Kinderlos? Kinderfrei!
Text: Doris Thallinger
Fotos: Antonioguillem, deagreez - stock.adobe.com, Reinhard Mayr, Luiza Puiu
Ich möchte keine Kinder bekommen. Ein einfacher Satz, eine ureigenste persönliche Entscheidung – sollte man meinen. Menschen, die sich für ein kinderfreies Leben entschieden haben, schlägt nach wie vor oft Unverständnis entgegen. Manchmal gar Anfeindungen, Neid und Vorurteile.

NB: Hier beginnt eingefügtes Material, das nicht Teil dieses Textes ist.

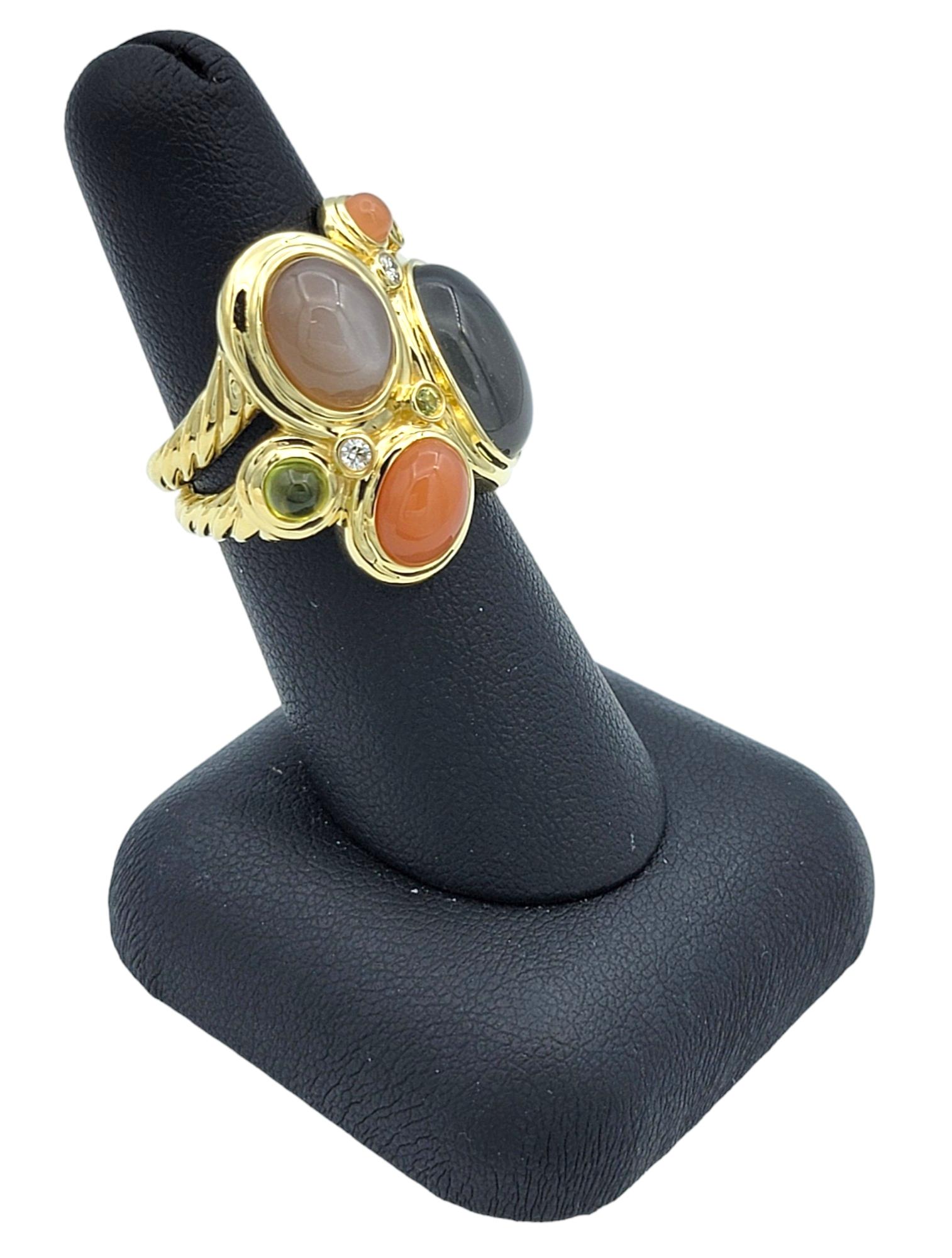 David Yurman Multi Gemstone Cabochon Mosaic Cocktail Ring 18 Karat Yellow Gold 6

Wir leben in einer wunderbaren Zeit, genießen – auch als Frauen – das Privileg, selbstbestimmt darüber entscheiden zu dürfen, ob wir Nachwuchs in diese Welt setzen oder nicht. Oder? Wagen Sie das Experiment – tun Sie in einer Runde kund, bewusst und aus absolut freien Stücken, ein Leben ohne eigene Kinder führen zu wollen! Die Reaktionen fallen sehr unterschiedlich aus: Da ist der mitleidsvolle Blick aus den (übernächtigten) Augen einer mehrfachen Mutter, das hämische Grinsen eines Mannes im besten Alter („Die hat wohl keinen abgekriegt“), das entrüstete und ungefragte Statement eines Weltverbesserers, der meint, Sie tragen Schuld am Aussterben der Menschheit – oder zumindest an der Alterung unserer Gesellschaft („Wer soll denn einmal deine Rente zahlen?“).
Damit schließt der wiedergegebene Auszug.